Styling-wise, the changes include redesigned bumpers, new headlights and taillights, an illuminated badge in the (now thicker) bar connecting the headlights, new door handles, side cameras moved from the doors to the front wings/fenders in a lower position, and new aero wheels. The aero cover for the rear wheels is a no-cost option.
The vehicle's outer body panels are made from reclaimed carbon, namely residual carbon fibre materials that would otherwise go to waste.
Inside, the changes are subtle and include the addition of two air vents on each side of the dashboard, a new centre display, and the appearance of drive selector buttons on the centre console. The cabin features plant-based leather, fabrics made from recycled PET bottles and wooden deco elements from sustainably-restructured rattan palm.
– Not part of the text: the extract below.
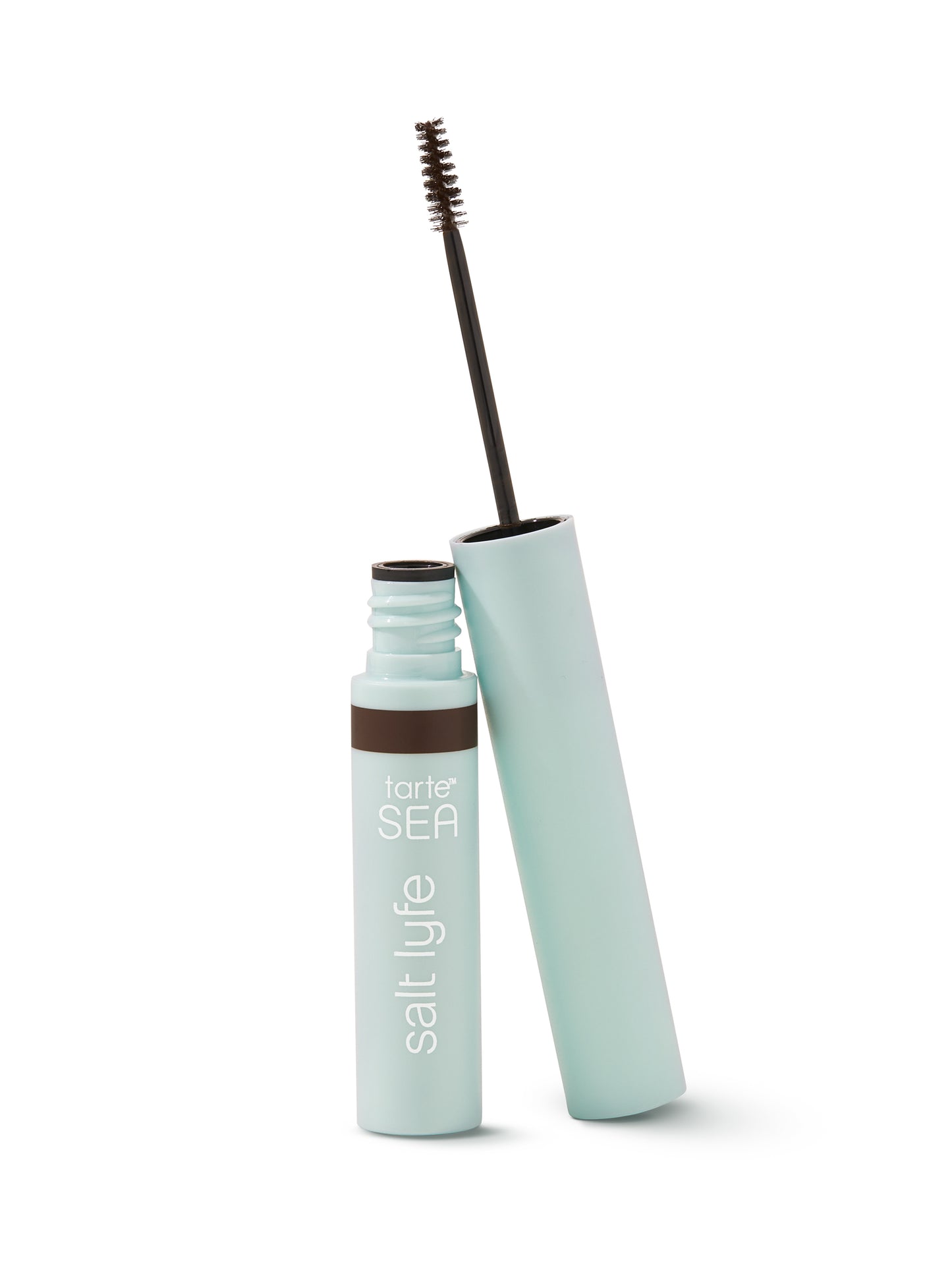 Mascara with a light blue casing on a white background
Gallery: Lightyear 0 production model
As far as specifications go, the Lightyear 0 shows a lot of promise. The WLTP range is listed at 625 kilometres (388 miles), while the five square-meters of double-curved solar panels are said to provide an additional 70 kilometres (44 miles) of range per day in ideal conditions—or up to 11,000 kilometres (6,835 miles) a year, assuming 365 sunny days.
In cloudy climates, the EV startup reckons the car's solar panels will produce enough electricity to cover 35 kilometres (22 miles) a day. Thanks in part to its record-breaking coefficient of drag of only 0.19, the Lightyear 0's energy use is 10.5 kWh per 100 kilometres (169 Wh per mile).
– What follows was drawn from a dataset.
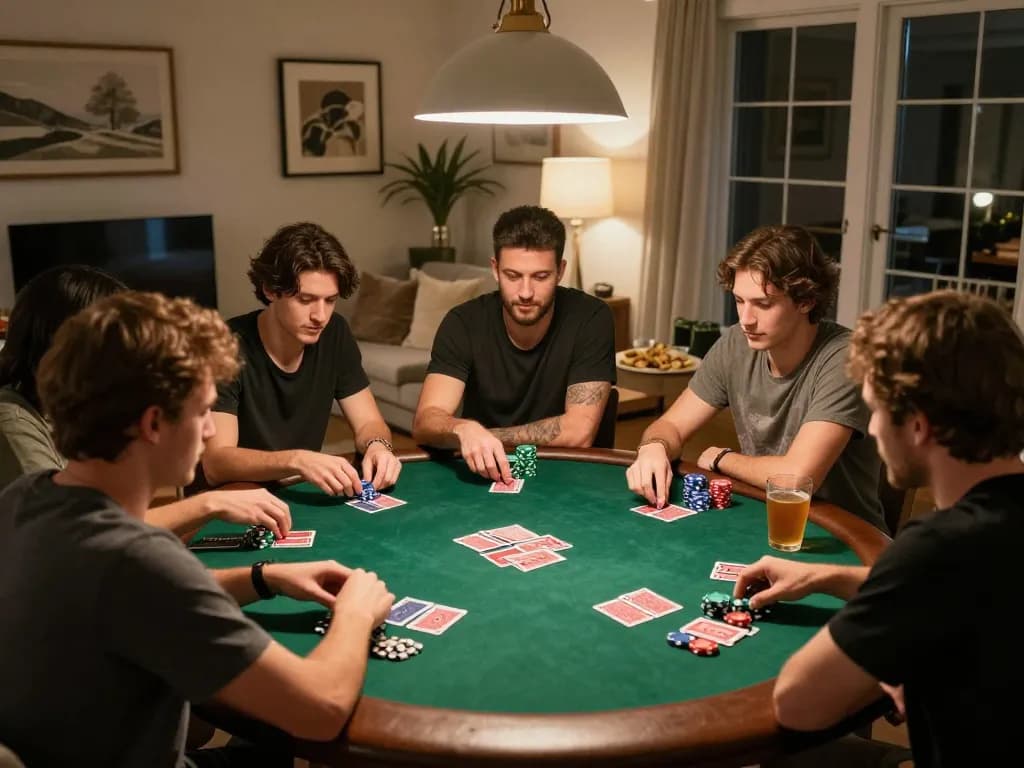 Friends enjoying a home poker night, exemplifying the fun and strategy of MM88 gaming.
As for charging, the EV startup says the Lightyear 0 ideally would require no charging for up to two months based on an average commute of around 35 kilometres (22 miles) per day—or up to seven months in sunnier countries.
When charging is necessary, the Lightyear 0 can charge its 60 kWh battery pack at rates of up to 520 kilometres per hour (DC fast charging), 200 kilometres per hour (public charging), or 32 kilometres per hour (home charging). The solar panels recharge the battery at a maximum rate of 10 kilometres an hour.
Lightyear is already taking orders for its solar electric vehicle, which will enter production in Finland this fall. The first deliveries are expected in November in Europe. Prices start at €250,000 (approximately £213,000), excluding VAT, but the company promises to launch a €30,000 Lightyear Two smaller model around 2025.